Pictures should be omitted from your copy. Everything else in the entries below must be restated word for word.

*Records shown:*
----------
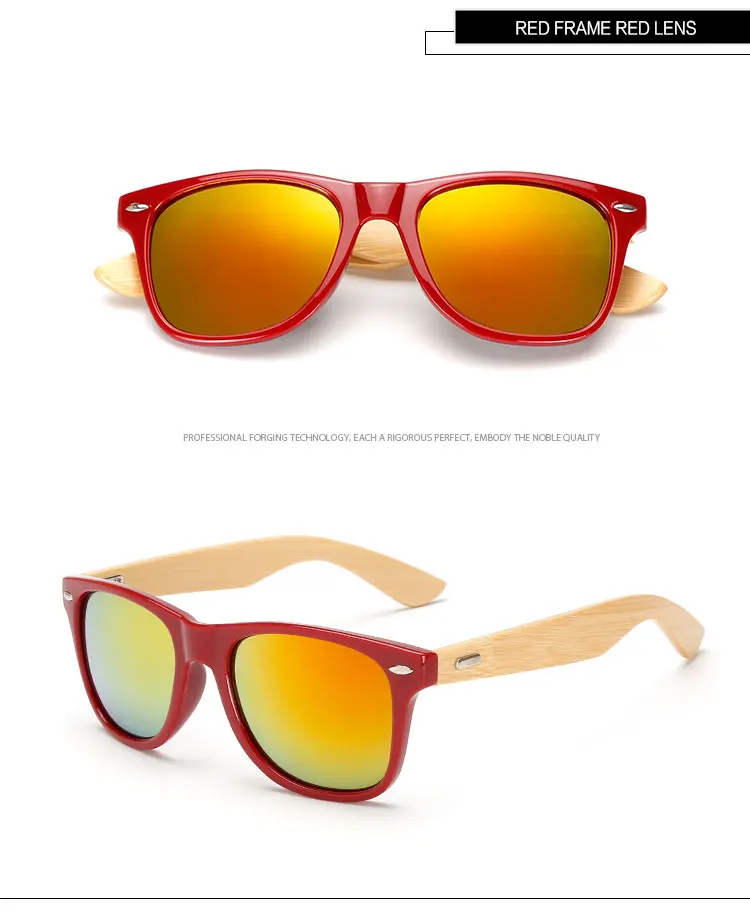 WarBLade Bmaboo солнцезащитные очки для женщин и мужчин деревянные ретро солнцезащитные очки с вогнуто-выпуклыми линзами de soleil femme marque de роскошная винтажная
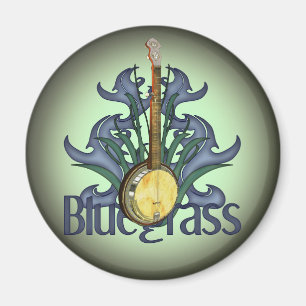 Imã Magnets para Design do Banjo Bluegrass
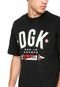 Camiseta DGK  4-5-6 Preta - Marca DGK
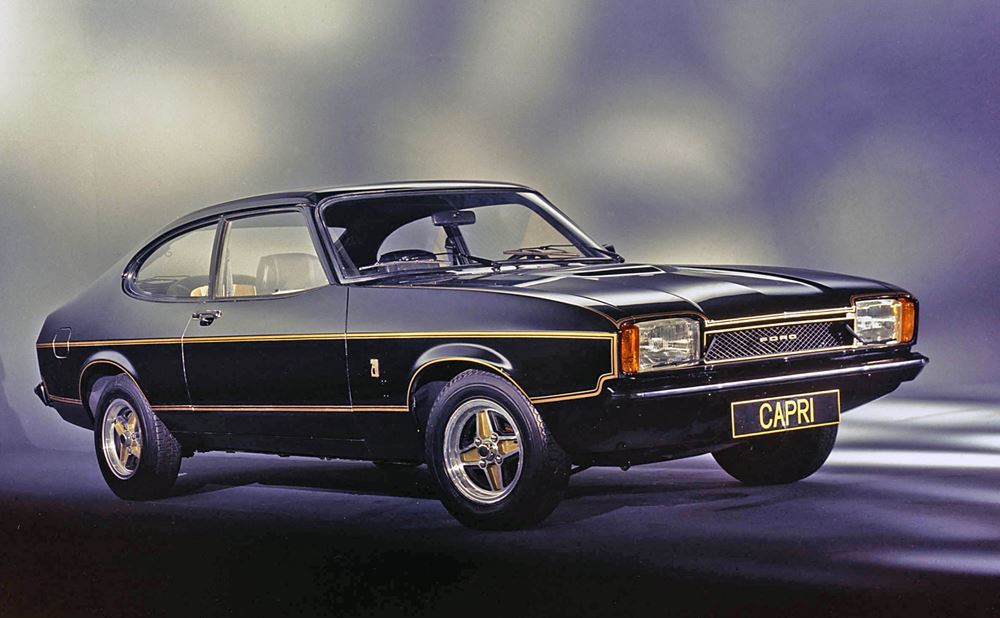 Ford Capri istoria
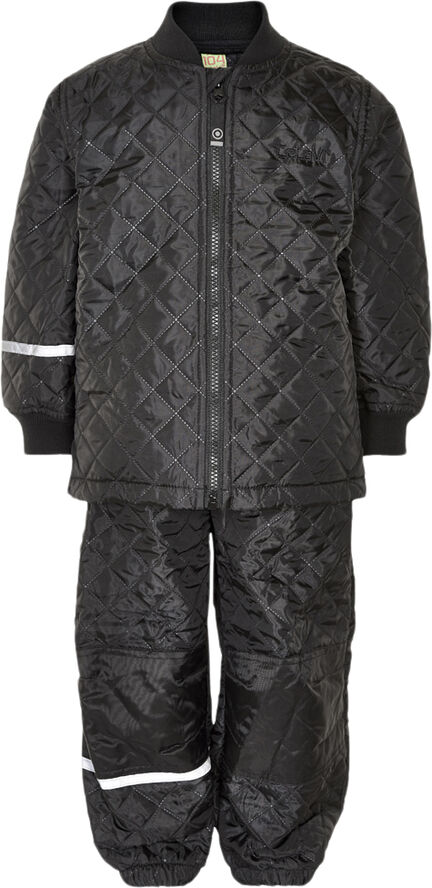 CeLaVi Basic thermal set -solid Black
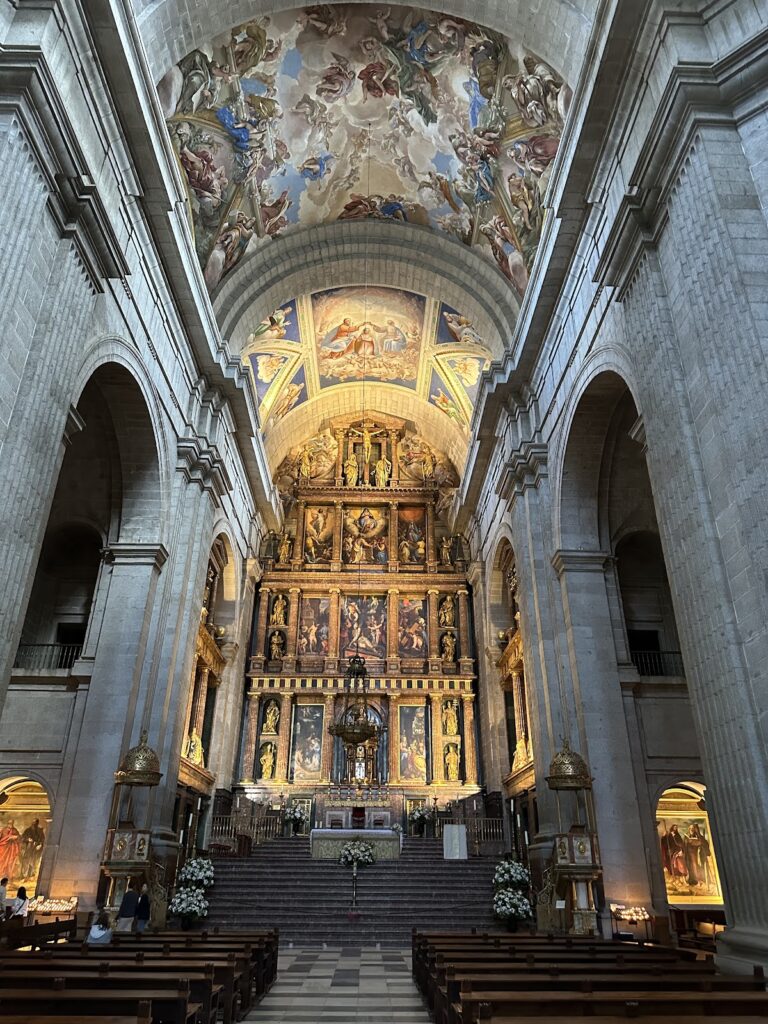 Royal Monastery of San Lorenzo de El Escorial: Royal Monastery-Palace Complex in Spain 5 Royal Monastery of San Lorenzo de El Escorial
----------
*Answer for the task:*
 WarBLade Bmaboo солнцезащитные очки для женщин и мужчин деревянные ретро солнцезащитные очки с вогнуто-выпуклыми линзами de soleil femme marque de роскошная винтажная
 Imã Magnets para Design do Banjo Bluegrass
 Camiseta DGK  4-5-6 Preta - Marca DGK
 Ford Capri istoria
 CeLaVi Basic thermal set -solid Black
 Royal Monastery of San Lorenzo de El Escorial: Royal Monastery-Palace Complex in Spain 5 Royal Monastery of San Lorenzo de El Escorial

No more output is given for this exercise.